We further analyzed the effects of elevated CO₂ and/or O₃ concentrations on seedling biomass (i.e., aboveground, leaf, and stem biomass) and the organic composition of woody tissue (i.e., extractives, total lignin, ASL, KL, and holocellulose contents) using a generalized linear mixed model with a Gaussian error distribution (Formula 4). In this analysis, we considered each chamber in the FACE system to be a random effect.

$\begin{array}{l}[\mathrm{Formula4}]\mathrm{Each}\mathrm{biomass}\mathrm{or}\mathrm{organic}\mathrm{constituent}\mathrm{variable}\\ =\mathrm{CO}{}_2\mathrm{concentration}+\mathrm{O}{}_3\mathrm{concentration}\\ +\mathrm{CO}{}_2\mathrm{concentration}\times \mathrm{O}{}_3\mathrm{concentration}+(\mathrm{FACEchamber})\end{array}$

We determined the significance of each fixed effect (i.e., CO₂ concentration, O₃ concentration, Measurement time, and their interaction) using an analysis of deviance (type II test; Fox and Weisberg, 2019). Furthermore, differences in the growth and organic constituent variables across the four treatments were assessed by the Tukey method using GLHT function based on general linear hypotheses (Hothorn et al., 2008). All statistical analyses were conducted in R3.6.1 (R Core Team, 2019).

Results

Q. mongolica Seedling Growth

Seedling base diameter was influence by CO₂ concentration, measurement time, and their interaction (p < 0.001; Tables 1, 2). Seedling base diameters were similar across treatments at the start of the experiment. At the end of the experiment, the diameter at the base was higher in the [CO₂] treatment than in the [O₃] and [Control] treatments (p < 0.001). Stem length was also influenced by CO₂ concentration, measurement time, and their interaction (p < 0.010; Tables 1, 2). At the end of the experiment, stem length was higher in the [CO₂] and [CO₂ + O₃] treatments than in the [Control] treatment (p < 0.016).

TABLE 1

Table 1. Size and biomass (mean ± standard deviation) of Q. mongolica seedlings at the start and end of the experiment, after treatments of atmospheric CO₂ and O₃ concentration ([Control]), elevated CO₂ concentration ([CO₂]), elevated O₃ concentration ([O₃]), and a combination of elevated CO₂ and O₃ concentrations ([CO₂ + O₃]).

TABLE 2

Table 2. Results of the analysis of deviance (type II test) for stem size and aboveground, leaf, and stem biomass at the start and end of the experiment.

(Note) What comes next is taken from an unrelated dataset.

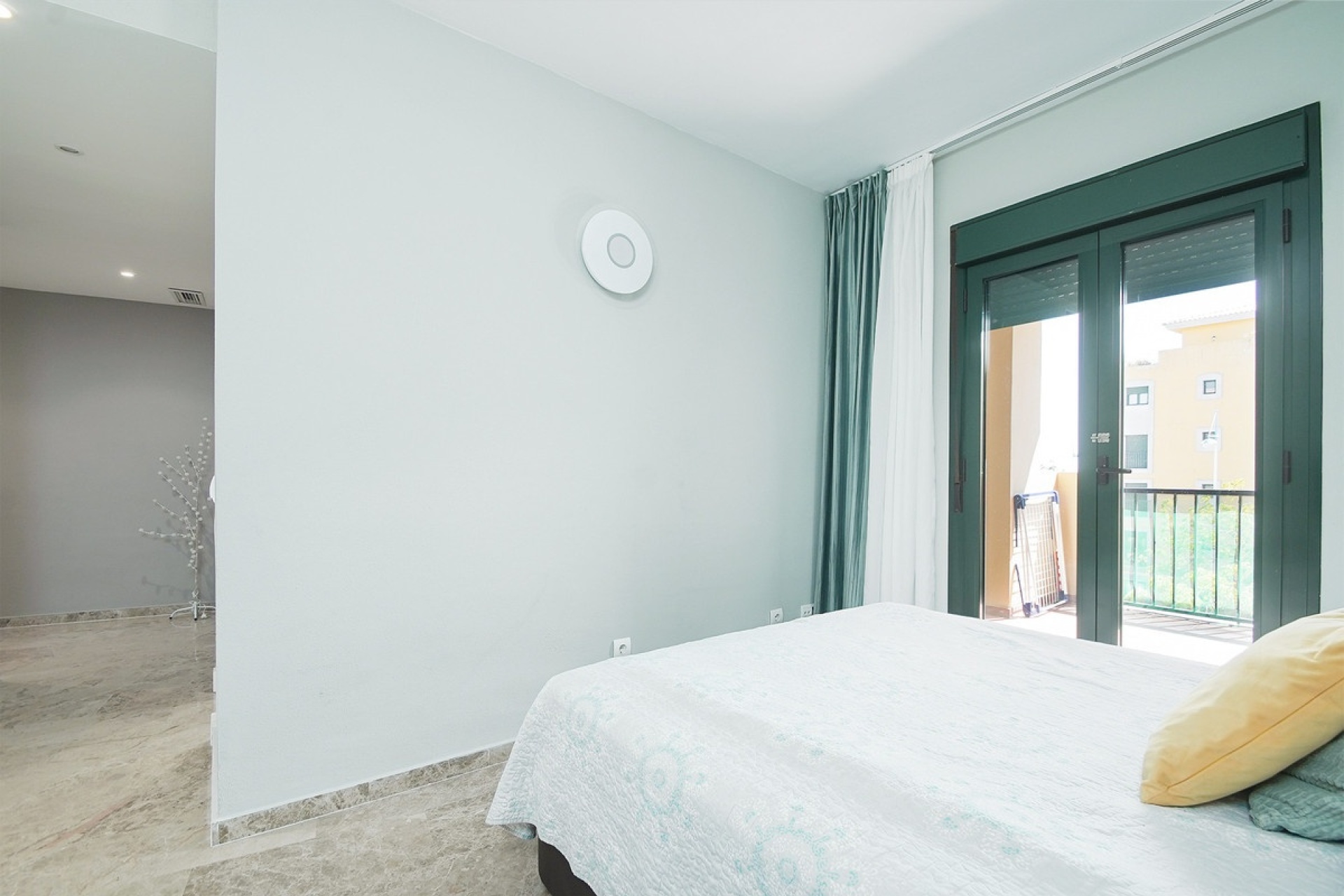 Rynek wtórny - apartment - Marbella - San Pedro de Alcántara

In terms of biomass growth, CO₂ concentration affected aboveground, leaf, and stem biomass at the end of the experiment (Tables 1, 2; p = 0.001, p = 0.001, p = 0.005, respectively), all of which were higher in the [CO₂] treatment than in the [Control] treatment (p < 0.018).

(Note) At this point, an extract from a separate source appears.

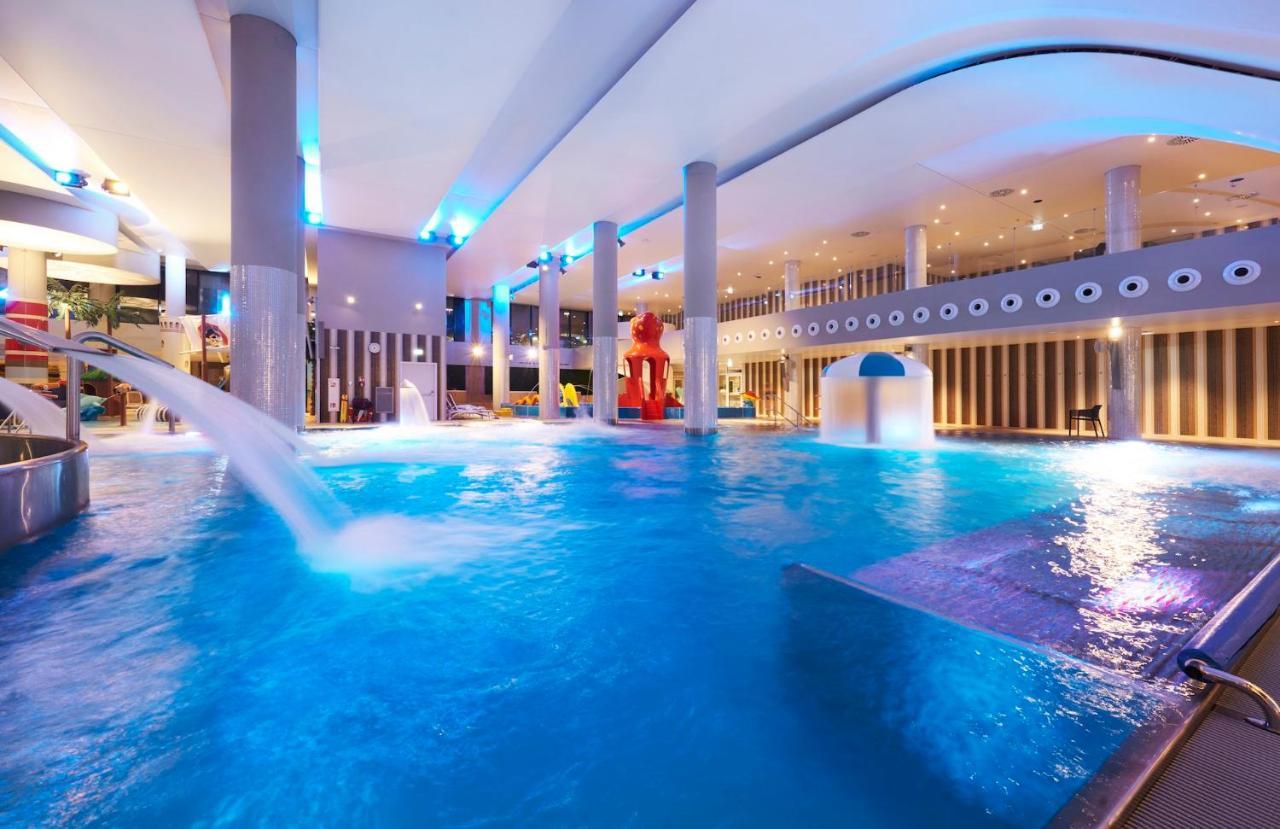 Vacationclub - Baltycka 10 Apartament 15 슈비노우이스쳬 외부 사진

Organic Carbon Component of Q. mongolica Seedling Stem Wood

With respect to total lignin, we detected an interaction between CO₂ and O₃ concentrations (Table 3; p = 0.020); however, there was no difference across treatments (Figure 3; p > 0.078). The KL content showed a similar result as that for total lignin: there was an interaction between elevated CO₂ and O₃ concentrations (p = 0.021), but no difference across treatments (p > 0.150). Neither CO₂ nor O₃ concentration influenced ASL content (p > 0.067).

TABLE 3

Table 3. Results of the analysis of deviance (type II test) for the organic constituents of woody tissue.

FIGURE 3

Figure 3. Total lignin, acid-soluble lignin, and Klason lignin contents in Q. mongolica seedlings subjected to conditions of atmospheric CO₂ and O₃ concentration ([Control]), elevated CO₂ concentration ([CO₂]), elevated O₃ concentration ([O₃]), and a combination of elevated CO₂ and O₃ concentrations ([CO₂ + O₃]). Bars indicate standard errors. Different letters indicate significant differences among treatments (Tukey method: p < 0.050).

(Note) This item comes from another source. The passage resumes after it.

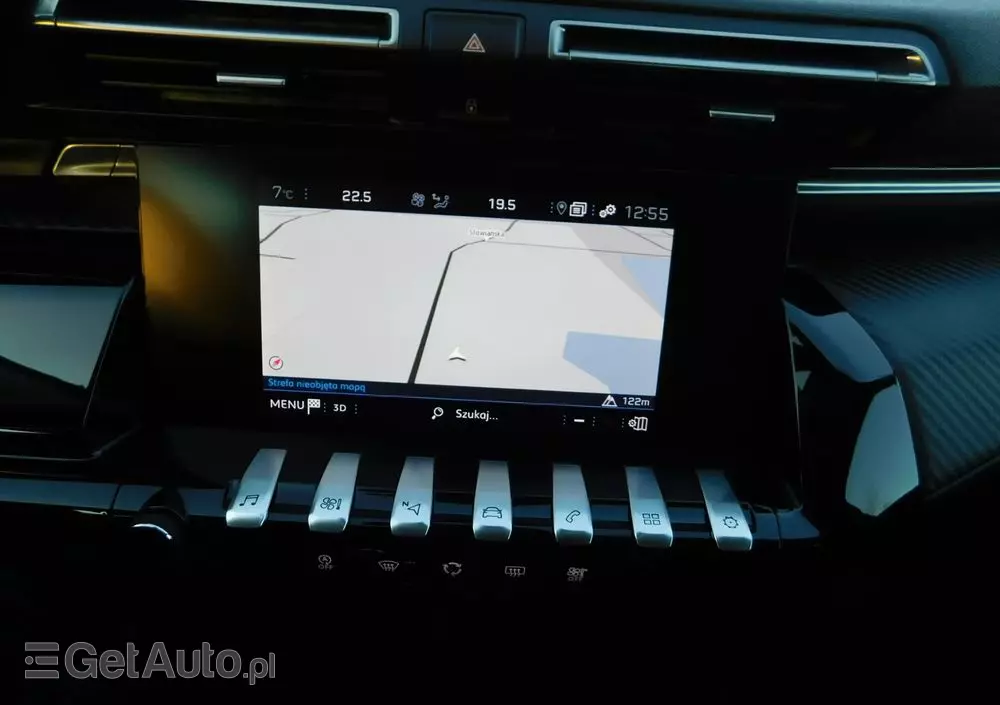 PEUGEOT 508 1.5 BlueHDi Active S&S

CO₂ concentration affected the stem woody tissue extractive content (Table 3; p = 0.029). The mean (± standard error) percentage of extractive content in the [CO₂] treatment was 2.88 ± 0.09%, which was lower than that in the [Control] treatment (3.63 ± 0.32%; p = 0.028; Figure 4).

FIGURE 4

Figure 4. Ethanol/benzene extractives and holocellulose contents in Q. mongolica seedlings subjected to conditions of atmospheric CO₂ and O₃ concentration ([Control]), elevated CO₂ concentration ([CO₂]), elevated O₃ concentration ([O₃]), and a combination of elevated CO₂ and O₃ concentrations ([CO₂ + O₃]). Bars indicate standard errors. Different letters indicate significant differences among treatments (Tukey method: p < 0.050).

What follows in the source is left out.